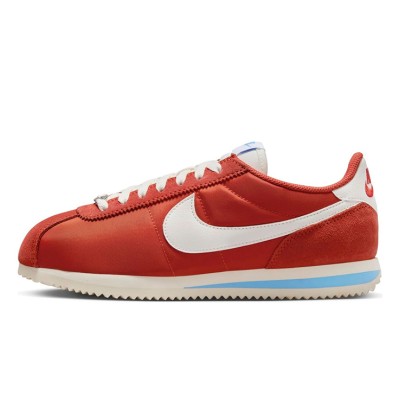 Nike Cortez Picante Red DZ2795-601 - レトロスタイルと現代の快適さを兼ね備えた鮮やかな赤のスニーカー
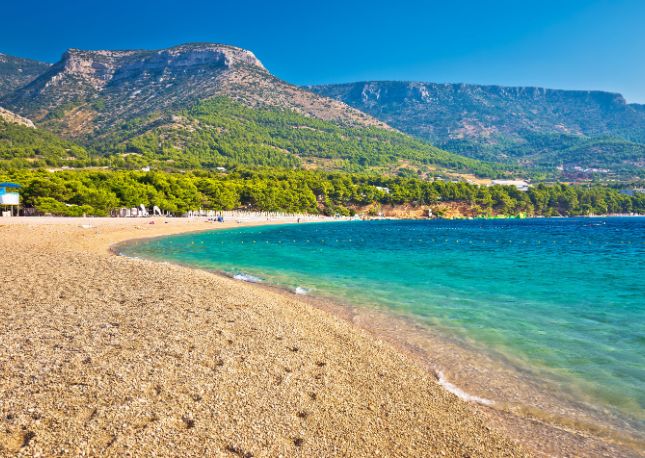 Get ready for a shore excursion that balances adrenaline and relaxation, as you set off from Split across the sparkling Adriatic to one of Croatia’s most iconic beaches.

---

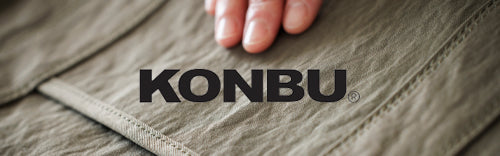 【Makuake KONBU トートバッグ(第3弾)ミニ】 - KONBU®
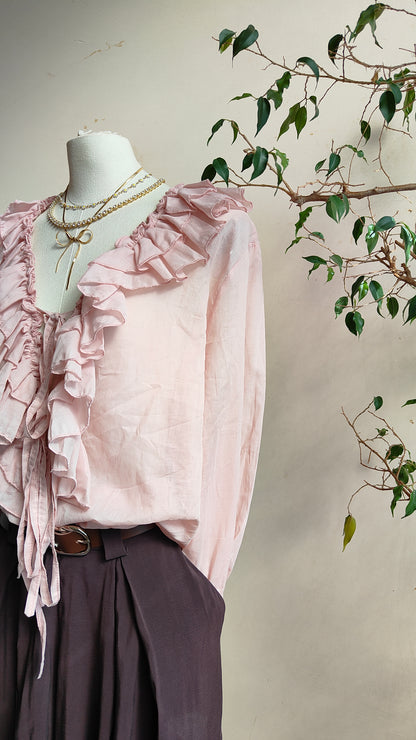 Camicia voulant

==

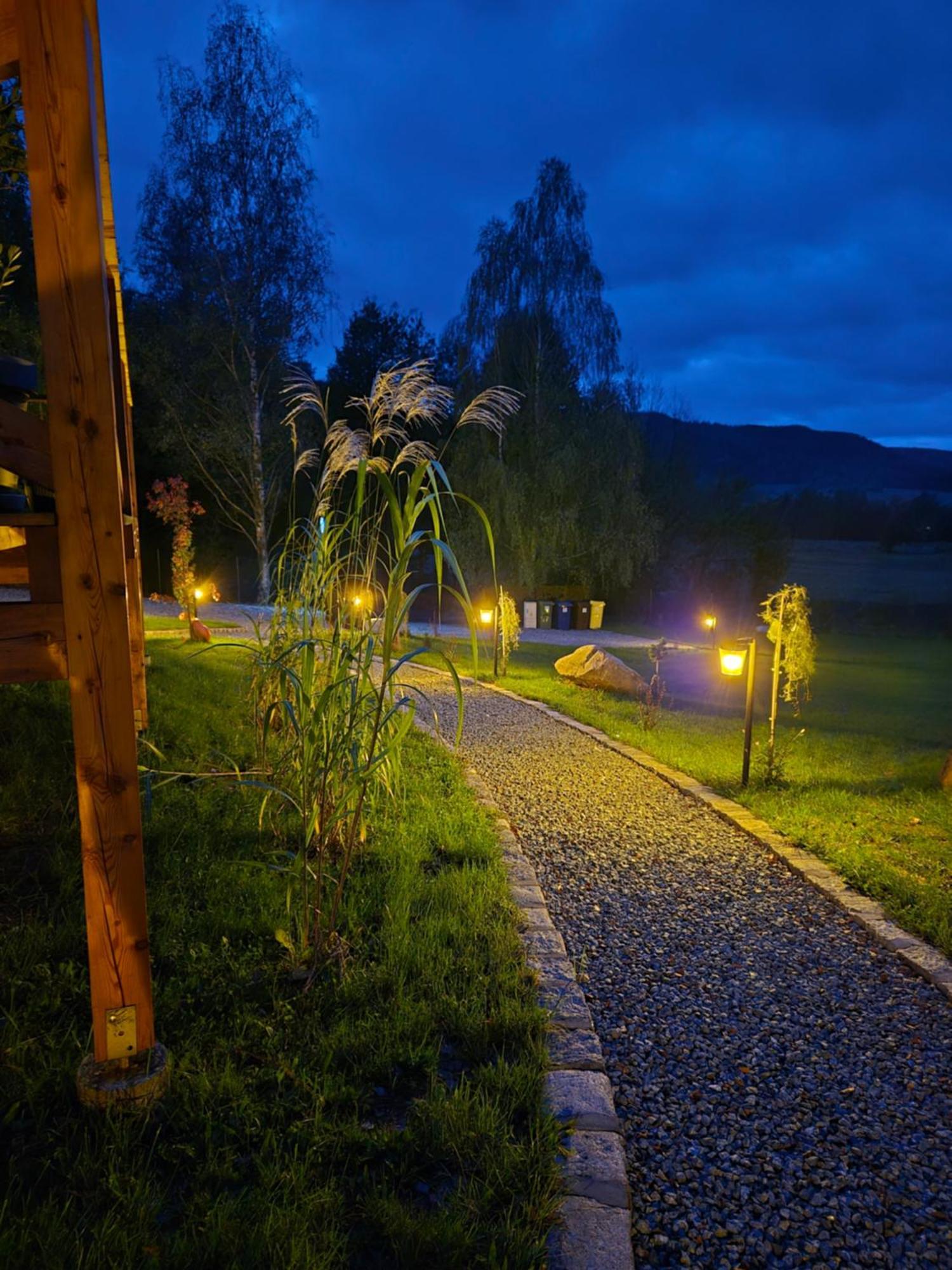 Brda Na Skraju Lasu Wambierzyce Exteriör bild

-- Task prompt --
Would you output only the span of the records above that opens with the line containing "Nike Cortez Picante" and closes with the line containing "Get ready for", ends included and pictures dropped?

-- Result below --
 Nike Cortez Picante Red DZ2795-601 - レトロスタイルと現代の快適さを兼ね備えた鮮やかな赤のスニーカー
 Get ready for a shore excursion that balances adrenaline and relaxation, as you set off from Split across the sparkling Adriatic to one of Croatia’s most iconic beaches.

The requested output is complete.